But don't 100-plus-mpg EVs already exist? Hot-rodded Priuses are currently claiming 125 mpg, and Tesla Motors' battery-powered Roadster gets 245 miles on a charge. Couldn't the Roadster, which is production-ready and goes from 0 to 60 in less than four seconds, dust everyone?
Not so fast. In addition to getting the equivalent of 100 miles per gallon, vehicles have to contribute less than 200 grams of greenhouse gases to the atmosphere for every mile they drive. This would seem to be a layup for EVs, which have a reputation for emitting only a fine mist of good karma. But electric vehicles aren't as clean as their absent tailpipes might suggest. Because electricity in the US is largely generated from fossil fuels, running a vehicle from the national power grid is far from carbon neutral. So AXP organizers decided that teams would have to account for upstream carbon emissions as well as those from the vehicle itself. Using Argonne National Laboratory data that quantifies the carbon emitted while producing and consuming various fuels, the organizers built a handy spreadsheet that teams can use to figure out whether they meet the 200-gram-per-mile standard. All an entrant has to do is pick the column that corresponds to their vehicle's type of fuel and key in the number of miles it will travel on one unit of that fuel (gallon, kilowatt, et cetera). Then, at the bottom of the document, one of two answers pops up: yes or no: You pass or you don't.
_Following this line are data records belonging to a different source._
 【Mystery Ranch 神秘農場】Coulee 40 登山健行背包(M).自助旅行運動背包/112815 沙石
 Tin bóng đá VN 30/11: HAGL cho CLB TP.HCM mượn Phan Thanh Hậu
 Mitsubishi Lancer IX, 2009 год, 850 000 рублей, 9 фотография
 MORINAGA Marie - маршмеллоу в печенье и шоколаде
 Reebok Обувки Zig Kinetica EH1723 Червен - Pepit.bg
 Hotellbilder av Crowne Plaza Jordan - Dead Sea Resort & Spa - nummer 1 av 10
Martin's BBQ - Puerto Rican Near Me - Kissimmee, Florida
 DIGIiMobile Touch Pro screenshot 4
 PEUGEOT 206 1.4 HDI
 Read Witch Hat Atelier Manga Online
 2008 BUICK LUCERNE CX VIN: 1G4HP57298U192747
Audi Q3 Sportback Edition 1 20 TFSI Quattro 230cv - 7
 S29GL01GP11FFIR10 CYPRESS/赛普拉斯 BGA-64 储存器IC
The upshot of considering so-called wells-to-wheels pollution is that a pure EV needs to achieve 133 mpg to pass the AXP emissions test. Even when designers take this into account, optimistic projections can fall prey to reality. For example, while the Roadster passes the spreadsheet test if you use the efficiency figures from the car's white paper, nobody has run the numbers based on actual road tests — until I call Tesla and prompt engineer Andrew Simpson to give it a shot. "I'm plugging in our new numbers right now," he tells me. "And... we don't qualify."
Silence.
The Roadster won't qualify for the X Prize for another reason: The company has no intention to build it in the required numbers. But Tesla does plan to enter its WhiteStar, a four-door sports sedan with a sticker price of $50,000 — about half of what the Roadster costs. Simpson says it's early enough in the new car's development to make adjustments, but he's still not convinced it'll pass. "It's a bigger car than the Roadster," he says, "so I would expect that the efficiency metric would be slightly worse."